*Given data*
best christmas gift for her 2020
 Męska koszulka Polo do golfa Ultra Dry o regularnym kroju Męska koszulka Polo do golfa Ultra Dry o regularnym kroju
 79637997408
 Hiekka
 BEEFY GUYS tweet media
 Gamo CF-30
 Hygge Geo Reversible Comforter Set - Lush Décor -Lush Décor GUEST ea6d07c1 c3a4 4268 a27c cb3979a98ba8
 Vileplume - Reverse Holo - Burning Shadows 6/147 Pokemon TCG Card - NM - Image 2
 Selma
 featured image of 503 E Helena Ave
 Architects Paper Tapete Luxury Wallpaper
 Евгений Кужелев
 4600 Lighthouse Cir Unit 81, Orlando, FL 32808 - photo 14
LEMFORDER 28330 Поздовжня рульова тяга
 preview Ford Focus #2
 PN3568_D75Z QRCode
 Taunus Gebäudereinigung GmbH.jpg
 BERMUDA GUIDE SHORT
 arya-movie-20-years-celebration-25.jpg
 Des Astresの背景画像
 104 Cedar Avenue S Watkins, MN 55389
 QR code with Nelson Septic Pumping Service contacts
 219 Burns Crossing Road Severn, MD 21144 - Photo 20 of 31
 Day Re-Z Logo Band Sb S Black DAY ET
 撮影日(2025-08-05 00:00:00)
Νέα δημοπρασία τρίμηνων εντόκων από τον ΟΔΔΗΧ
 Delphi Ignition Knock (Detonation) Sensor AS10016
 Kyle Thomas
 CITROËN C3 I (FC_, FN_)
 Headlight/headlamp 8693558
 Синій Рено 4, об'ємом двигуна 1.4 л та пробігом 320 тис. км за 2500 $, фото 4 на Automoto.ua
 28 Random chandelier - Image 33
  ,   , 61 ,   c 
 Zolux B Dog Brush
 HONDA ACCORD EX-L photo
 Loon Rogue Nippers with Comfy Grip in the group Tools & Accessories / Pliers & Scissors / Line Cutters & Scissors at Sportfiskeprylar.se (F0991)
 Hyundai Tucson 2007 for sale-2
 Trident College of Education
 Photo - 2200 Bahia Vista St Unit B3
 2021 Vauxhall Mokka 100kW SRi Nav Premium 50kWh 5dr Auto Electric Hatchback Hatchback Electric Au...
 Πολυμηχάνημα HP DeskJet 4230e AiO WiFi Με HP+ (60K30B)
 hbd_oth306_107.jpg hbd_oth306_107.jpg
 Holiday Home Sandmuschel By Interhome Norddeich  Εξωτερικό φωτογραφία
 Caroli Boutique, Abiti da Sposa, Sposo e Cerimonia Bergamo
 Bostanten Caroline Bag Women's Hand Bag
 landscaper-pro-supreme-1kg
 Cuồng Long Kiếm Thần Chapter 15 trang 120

*Work to be completed*
Within the listing above, find every line containing the string "Unit" and return it.

*Exercise answer*
 4600 Lighthouse Cir Unit 81, Orlando, FL 32808 - photo 14
 Photo - 2200 Bahia Vista St Unit B3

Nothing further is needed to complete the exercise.